One of the most important features of NNs is its compliance with the universal approximation theorem that states that a feed forward NN with a single layer is sufficient to represent any function within the range of the given inputs.

The forward propagation is the mode in which an ANN evaluates its outputs based on a given input by a successive evaluation of the layers. Backward propagation is the mode in which the NN learn by propagating back into the parameters the error found between its output and the data. Backward propagation relies on computing the gradient of a loss function w.r.t. the weights and biases of the NN by means of a repeated application of the chain-rule. This gradient is then used by a minimisation algorithm that adopts a gradient-descent strategy.

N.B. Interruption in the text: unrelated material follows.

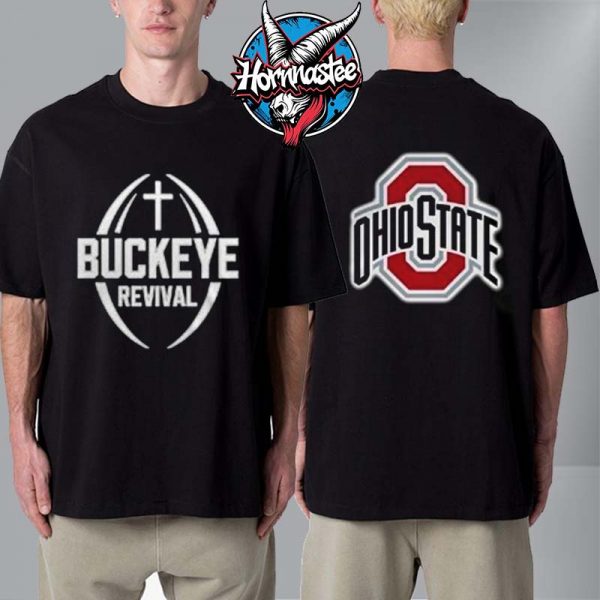 Ohio State Buckeyes Revival Jesus Unisex T Shirt Two Sided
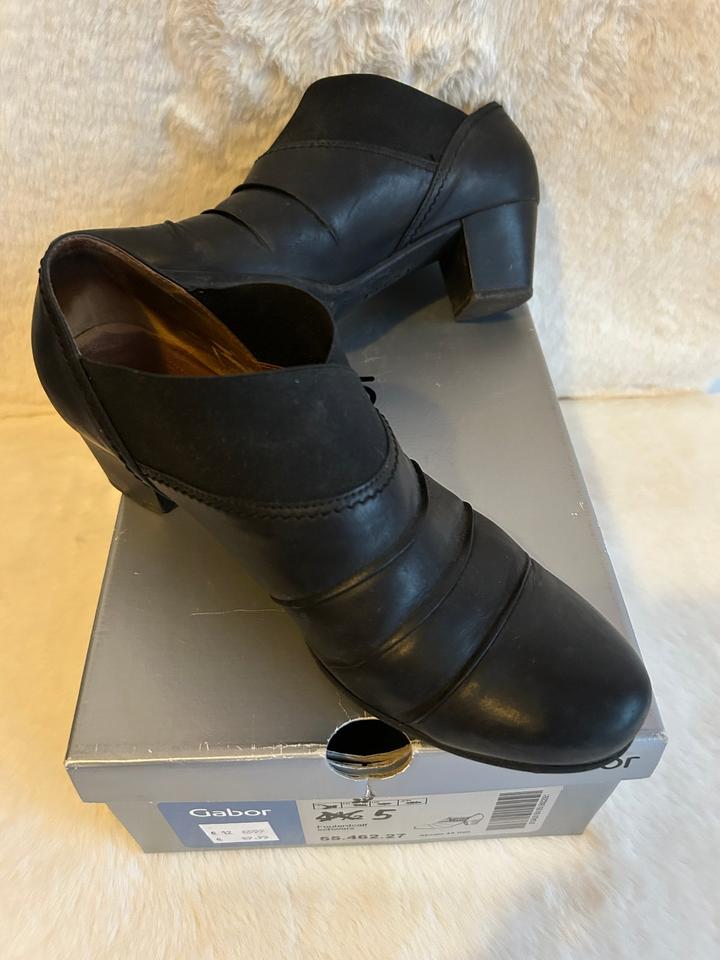 Gabor Leder Stiefelette Stiefel Boots Gr. 38 schwarz 24,-€ in Moers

In NNAD we present a C++ implementation of the analytic derivative of a feed-forward neural network with respect to its free parameters for an arbitrary architecture, known as back-propagation. We dubbed this code NNAD (Neural Network Analytic Derivatives) and interfaced it with the widely-used ceres-solver minimiser to fit neural networks to pseudodata in two different least-squares problems (See NNAD-Interface). The first is a direct fit of Legendre polynomials. The second is a somewhat more involved minimisation prob- lem where the function to be fitted takes part in an integral. Finally, using a consistent framework, we assess the efficiency of our analytic derivative formula as compared to numerical and automatic differentiation as provided by ceres-solver. We thus demonstrate the advantage of using NNAD in problems involving both deep or shallow neural networks.